Extracted data entries:
+ + +
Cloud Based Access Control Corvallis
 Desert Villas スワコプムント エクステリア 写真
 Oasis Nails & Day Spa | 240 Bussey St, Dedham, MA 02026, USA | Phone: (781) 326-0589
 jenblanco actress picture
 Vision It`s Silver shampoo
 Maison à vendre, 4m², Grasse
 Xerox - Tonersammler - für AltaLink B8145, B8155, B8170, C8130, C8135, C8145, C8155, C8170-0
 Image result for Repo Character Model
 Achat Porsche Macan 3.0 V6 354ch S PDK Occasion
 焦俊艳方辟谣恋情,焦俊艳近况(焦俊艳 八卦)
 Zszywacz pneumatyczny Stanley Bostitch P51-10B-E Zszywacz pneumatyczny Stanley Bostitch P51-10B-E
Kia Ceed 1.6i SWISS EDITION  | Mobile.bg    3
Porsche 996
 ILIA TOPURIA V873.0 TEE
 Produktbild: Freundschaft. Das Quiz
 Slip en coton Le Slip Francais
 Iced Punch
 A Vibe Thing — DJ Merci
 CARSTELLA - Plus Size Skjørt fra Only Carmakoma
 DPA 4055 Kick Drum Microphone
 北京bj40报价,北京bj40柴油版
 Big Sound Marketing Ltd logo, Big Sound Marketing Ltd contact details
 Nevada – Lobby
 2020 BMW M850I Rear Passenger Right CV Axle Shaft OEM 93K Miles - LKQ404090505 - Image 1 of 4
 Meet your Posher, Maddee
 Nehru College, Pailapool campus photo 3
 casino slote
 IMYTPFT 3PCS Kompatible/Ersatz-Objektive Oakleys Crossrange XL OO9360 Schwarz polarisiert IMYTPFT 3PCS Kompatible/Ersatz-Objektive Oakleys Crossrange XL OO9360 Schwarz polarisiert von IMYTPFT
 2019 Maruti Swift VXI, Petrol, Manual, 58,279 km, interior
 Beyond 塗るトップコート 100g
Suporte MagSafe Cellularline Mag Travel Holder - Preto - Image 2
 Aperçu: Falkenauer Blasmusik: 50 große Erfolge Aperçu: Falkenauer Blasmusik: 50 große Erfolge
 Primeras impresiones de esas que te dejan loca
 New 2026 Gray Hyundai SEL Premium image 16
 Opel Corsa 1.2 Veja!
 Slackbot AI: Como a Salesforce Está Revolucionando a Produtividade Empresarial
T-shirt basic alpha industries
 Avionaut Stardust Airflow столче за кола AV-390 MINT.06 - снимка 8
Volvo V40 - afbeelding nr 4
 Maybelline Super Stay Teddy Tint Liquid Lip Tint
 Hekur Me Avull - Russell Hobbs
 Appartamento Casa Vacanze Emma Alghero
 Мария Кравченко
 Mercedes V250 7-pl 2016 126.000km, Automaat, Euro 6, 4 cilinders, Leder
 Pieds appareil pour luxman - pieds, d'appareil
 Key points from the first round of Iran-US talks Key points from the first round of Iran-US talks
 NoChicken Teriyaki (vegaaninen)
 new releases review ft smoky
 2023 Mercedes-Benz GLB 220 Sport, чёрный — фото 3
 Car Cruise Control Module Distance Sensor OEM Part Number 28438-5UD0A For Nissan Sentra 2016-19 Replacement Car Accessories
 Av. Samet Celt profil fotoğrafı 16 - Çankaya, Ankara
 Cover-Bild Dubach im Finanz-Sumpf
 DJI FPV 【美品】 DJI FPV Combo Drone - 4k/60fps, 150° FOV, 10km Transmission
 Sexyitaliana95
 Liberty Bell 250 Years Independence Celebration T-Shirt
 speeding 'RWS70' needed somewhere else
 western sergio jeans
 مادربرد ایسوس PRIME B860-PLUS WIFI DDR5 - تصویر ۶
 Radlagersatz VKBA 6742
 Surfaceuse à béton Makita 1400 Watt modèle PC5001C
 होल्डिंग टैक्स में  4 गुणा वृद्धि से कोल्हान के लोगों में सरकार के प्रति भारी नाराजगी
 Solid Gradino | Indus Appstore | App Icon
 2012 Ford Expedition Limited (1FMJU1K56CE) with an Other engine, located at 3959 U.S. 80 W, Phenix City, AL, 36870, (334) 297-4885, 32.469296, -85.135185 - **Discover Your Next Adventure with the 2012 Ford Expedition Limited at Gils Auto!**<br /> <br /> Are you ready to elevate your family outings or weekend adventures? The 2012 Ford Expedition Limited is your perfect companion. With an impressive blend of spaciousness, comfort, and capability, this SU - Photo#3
+ + +
- _EXERCISE BRIEF_: A word-for-word copy of the data is the expected answer.

- _SOLVED PROBLEM_:
Cloud Based Access Control Corvallis
 Desert Villas スワコプムント エクステリア 写真
 Oasis Nails & Day Spa | 240 Bussey St, Dedham, MA 02026, USA | Phone: (781) 326-0589
 jenblanco actress picture
 Vision It`s Silver shampoo
 Maison à vendre, 4m², Grasse
 Xerox - Tonersammler - für AltaLink B8145, B8155, B8170, C8130, C8135, C8145, C8155, C8170-0
 Image result for Repo Character Model
 Achat Porsche Macan 3.0 V6 354ch S PDK Occasion
 焦俊艳方辟谣恋情,焦俊艳近况(焦俊艳 八卦)
 Zszywacz pneumatyczny Stanley Bostitch P51-10B-E Zszywacz pneumatyczny Stanley Bostitch P51-10B-E
Kia Ceed 1.6i SWISS EDITION  | Mobile.bg    3
Porsche 996
 ILIA TOPURIA V873.0 TEE
 Produktbild: Freundschaft. Das Quiz
 Slip en coton Le Slip Francais
 Iced Punch
 A Vibe Thing — DJ Merci
 CARSTELLA - Plus Size Skjørt fra Only Carmakoma
 DPA 4055 Kick Drum Microphone
 北京bj40报价,北京bj40柴油版
 Big Sound Marketing Ltd logo, Big Sound Marketing Ltd contact details
 Nevada – Lobby
 2020 BMW M850I Rear Passenger Right CV Axle Shaft OEM 93K Miles - LKQ404090505 - Image 1 of 4
 Meet your Posher, Maddee
 Nehru College, Pailapool campus photo 3
 casino slote
 IMYTPFT 3PCS Kompatible/Ersatz-Objektive Oakleys Crossrange XL OO9360 Schwarz polarisiert IMYTPFT 3PCS Kompatible/Ersatz-Objektive Oakleys Crossrange XL OO9360 Schwarz polarisiert von IMYTPFT
 2019 Maruti Swift VXI, Petrol, Manual, 58,279 km, interior
 Beyond 塗るトップコート 100g
Suporte MagSafe Cellularline Mag Travel Holder - Preto - Image 2
 Aperçu: Falkenauer Blasmusik: 50 große Erfolge Aperçu: Falkenauer Blasmusik: 50 große Erfolge
 Primeras impresiones de esas que te dejan loca
 New 2026 Gray Hyundai SEL Premium image 16
 Opel Corsa 1.2 Veja!
 Slackbot AI: Como a Salesforce Está Revolucionando a Produtividade Empresarial
T-shirt basic alpha industries
 Avionaut Stardust Airflow столче за кола AV-390 MINT.06 - снимка 8
Volvo V40 - afbeelding nr 4
 Maybelline Super Stay Teddy Tint Liquid Lip Tint
 Hekur Me Avull - Russell Hobbs
 Appartamento Casa Vacanze Emma Alghero
 Мария Кравченко
 Mercedes V250 7-pl 2016 126.000km, Automaat, Euro 6, 4 cilinders, Leder
 Pieds appareil pour luxman - pieds, d'appareil
 Key points from the first round of Iran-US talks Key points from the first round of Iran-US talks
 NoChicken Teriyaki (vegaaninen)
 new releases review ft smoky
 2023 Mercedes-Benz GLB 220 Sport, чёрный — фото 3
 Car Cruise Control Module Distance Sensor OEM Part Number 28438-5UD0A For Nissan Sentra 2016-19 Replacement Car Accessories
 Av. Samet Celt profil fotoğrafı 16 - Çankaya, Ankara
 Cover-Bild Dubach im Finanz-Sumpf
 DJI FPV 【美品】 DJI FPV Combo Drone - 4k/60fps, 150° FOV, 10km Transmission
 Sexyitaliana95
 Liberty Bell 250 Years Independence Celebration T-Shirt
 speeding 'RWS70' needed somewhere else
 western sergio jeans
 مادربرد ایسوس PRIME B860-PLUS WIFI DDR5 - تصویر ۶
 Radlagersatz VKBA 6742
 Surfaceuse à béton Makita 1400 Watt modèle PC5001C
 होल्डिंग टैक्स में  4 गुणा वृद्धि से कोल्हान के लोगों में सरकार के प्रति भारी नाराजगी
 Solid Gradino | Indus Appstore | App Icon
 2012 Ford Expedition Limited (1FMJU1K56CE) with an Other engine, located at 3959 U.S. 80 W, Phenix City, AL, 36870, (334) 297-4885, 32.469296, -85.135185 - **Discover Your Next Adventure with the 2012 Ford Expedition Limited at Gils Auto!**<br /> <br /> Are you ready to elevate your family outings or weekend adventures? The 2012 Ford Expedition Limited is your perfect companion. With an impressive blend of spaciousness, comfort, and capability, this SU - Photo#3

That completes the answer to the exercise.